Canal+’s CEO has threatened to cut off more than 600 French film professionals who signed an open letter opposing the growing influence of the studio’s right-wing billionaire owner Vincent Bolloré, a move that is already sending shockwaves through the French industry.
The head of Canal+, France’s largest film producer, has drawn a line in the sand: sign the petition against the studio’s owner, lose your working relationship with the company. The threat came in direct response to an open letter signed by more than 600 French cinema professionals expressing alarm over Vincent Bolloré‘s expanding grip on the French film industry and his right-wing political alignment.
The signatories include some of the most prominent names in French and international cinema. Juliette Binoche, Adèle Haenel, and Swann Arlaud are among the actors who put their names to the letter. Directors Sepideh Farsi and Arthur Harari also signed. The breadth of the list, covering established names as well as emerging talent, signals that concern about Bolloré’s influence has spread well beyond a small circle of activists.
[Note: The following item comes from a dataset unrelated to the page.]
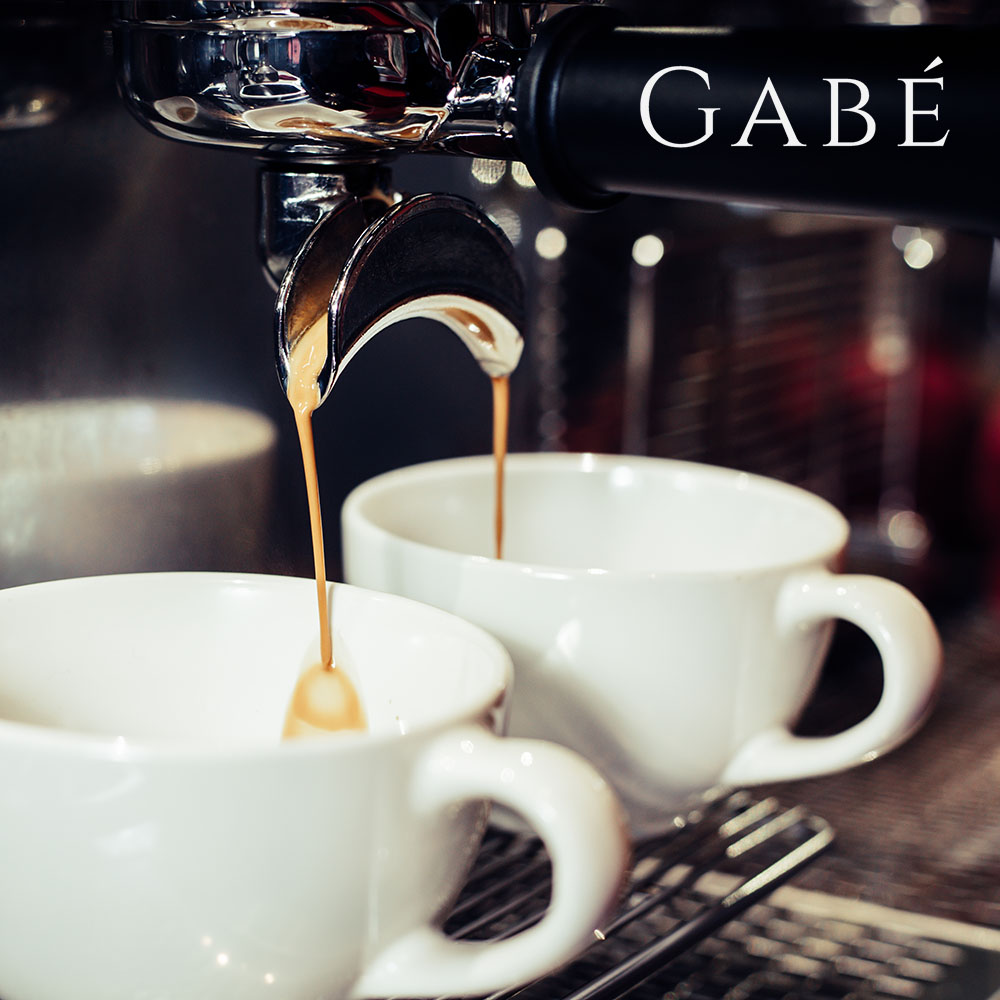 Barista using coffee machine in the cafe.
The open letter warned that leaving French cinema in the hands of a far-right owner risked fundamentally altering the character of one of Europe’s most distinctive national film cultures. Canal+ is not merely a broadcaster. It is one of the primary financiers of French film production, and its decisions about which projects to back and which talent to hire carry enormous weight throughout the industry.
The CEO’s blacklist threat escalates what had been a tension simmering for some time into a direct confrontation. Bolloré, who controls a media empire that includes news channels already accused of editorial drift toward far-right positions, has been accumulating influence in the French film sector in ways that critics say have no clear precedent. The petition was framed not as opposition to any single editorial decision but as a warning about structural control.
The response from Canal+’s leadership reframes the confrontation as a commercial one. Studio executives who sign political petitions critical of their employer’s ownership structure typically do not announce consequences publicly. Doing so on this scale and in this form is unusual and, for many in the French industry, alarming.
For the signatories, the calculation now involves weighing their public stance against a potential severance from Canal+’s production pipeline. For less established filmmakers and actors who depend on Canal+ financing, that is not an abstract threat. The studio’s reach into French production is deep enough that a blacklist, if enforced, would meaningfully alter the career prospects of the people involved.
The story is unfolding against the backdrop of the Cannes Film Festival, where French industry politics tend to get amplified by the concentration of press and industry figures in one place. Whether the signatories respond publicly to the blacklist threat, and how the broader industry reacts, will likely become one of the dominant conversations of this year’s festival.